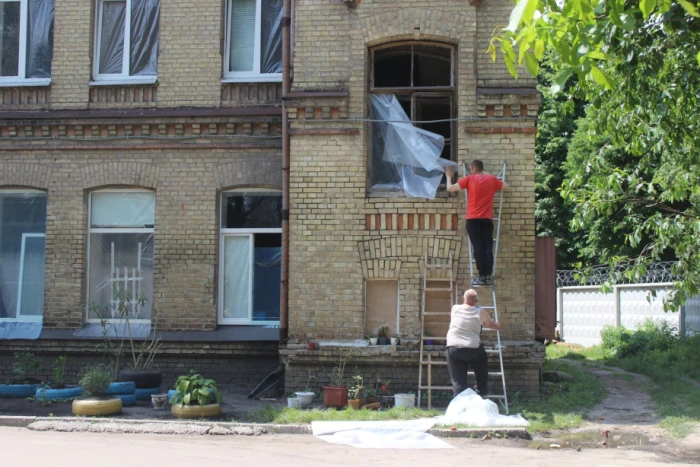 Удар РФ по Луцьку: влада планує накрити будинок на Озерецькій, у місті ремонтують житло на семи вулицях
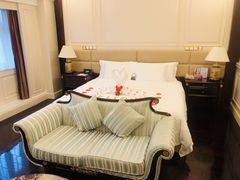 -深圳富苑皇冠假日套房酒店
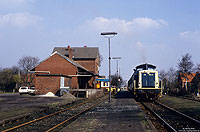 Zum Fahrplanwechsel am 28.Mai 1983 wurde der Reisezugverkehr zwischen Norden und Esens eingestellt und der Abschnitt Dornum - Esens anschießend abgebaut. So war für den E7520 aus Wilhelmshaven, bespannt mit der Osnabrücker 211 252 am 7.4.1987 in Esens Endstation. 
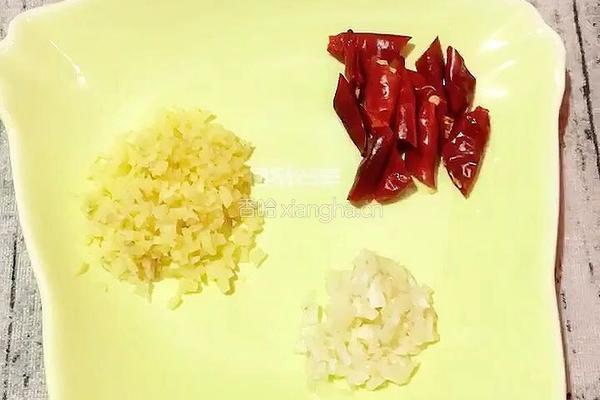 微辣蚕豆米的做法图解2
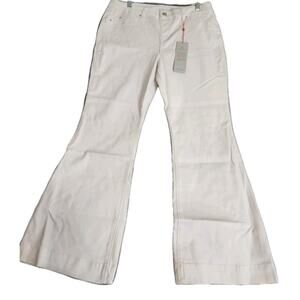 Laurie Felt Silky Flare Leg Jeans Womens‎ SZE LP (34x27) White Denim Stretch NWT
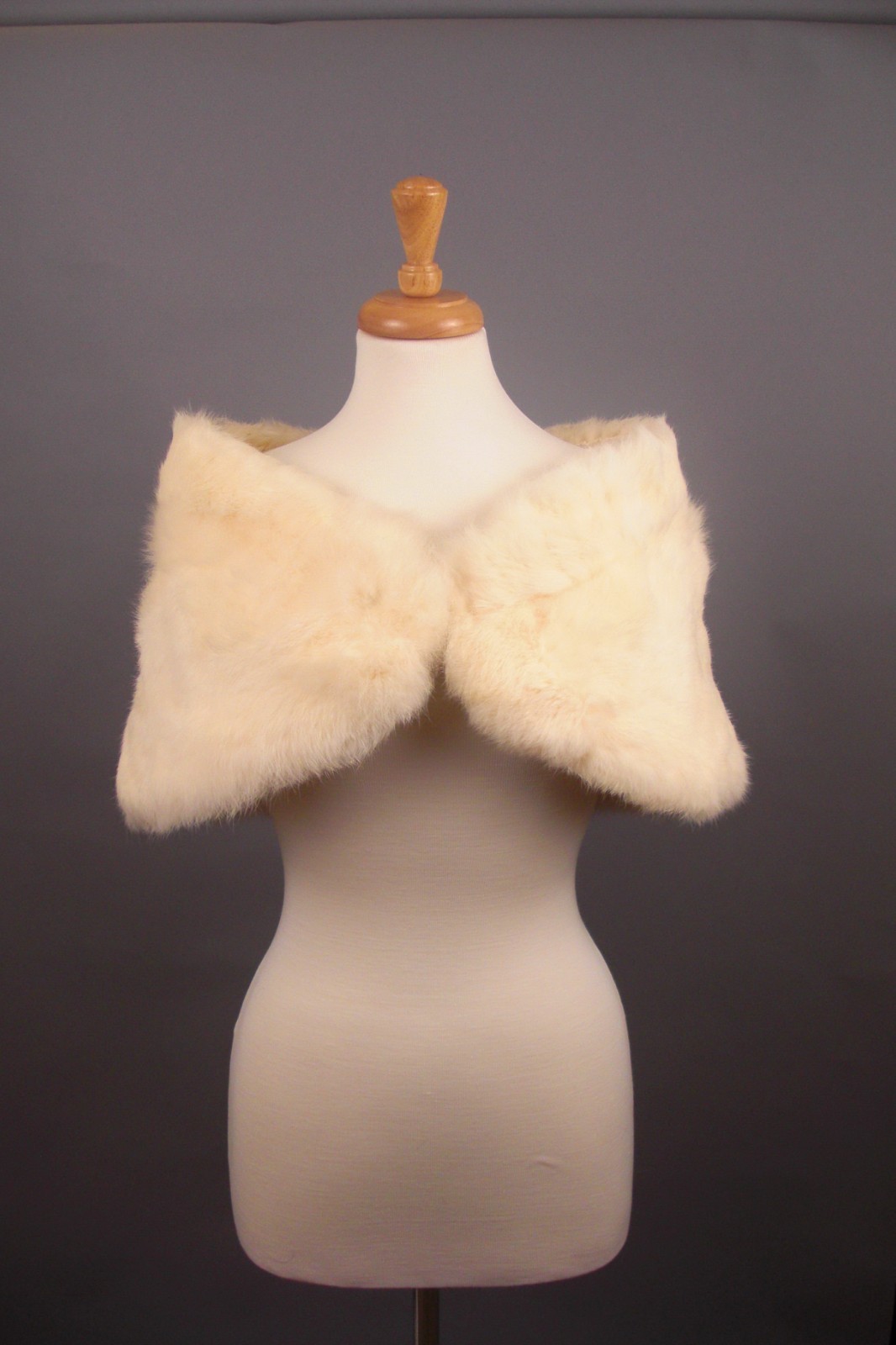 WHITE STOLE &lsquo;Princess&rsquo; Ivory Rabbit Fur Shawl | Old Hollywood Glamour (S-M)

* * *

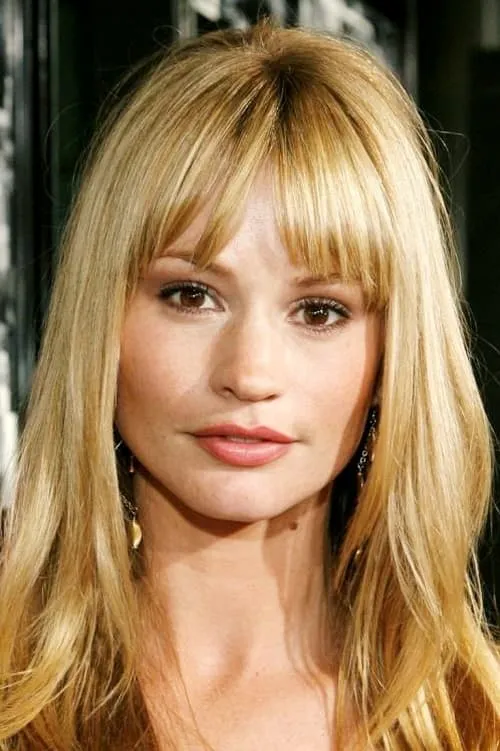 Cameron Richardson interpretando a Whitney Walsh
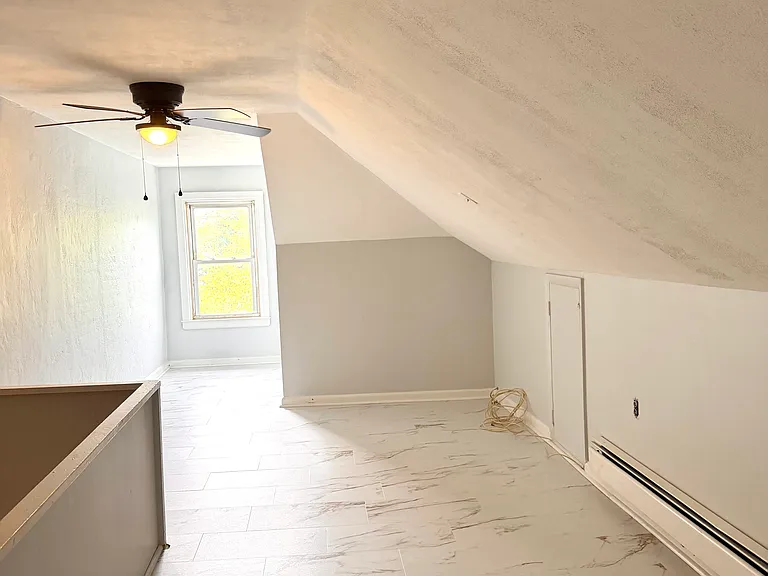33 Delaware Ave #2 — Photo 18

What is expected:
Only one stretch of the listing is wanted: the lines starting at the one with "Cameron Richardson interpretando" and ending at the one with "33 Delaware Ave #2 — Photo 18", copied exactly and free of pictures.

Worked solution:
 Cameron Richardson interpretando a Whitney Walsh
33 Delaware Ave #2 — Photo 18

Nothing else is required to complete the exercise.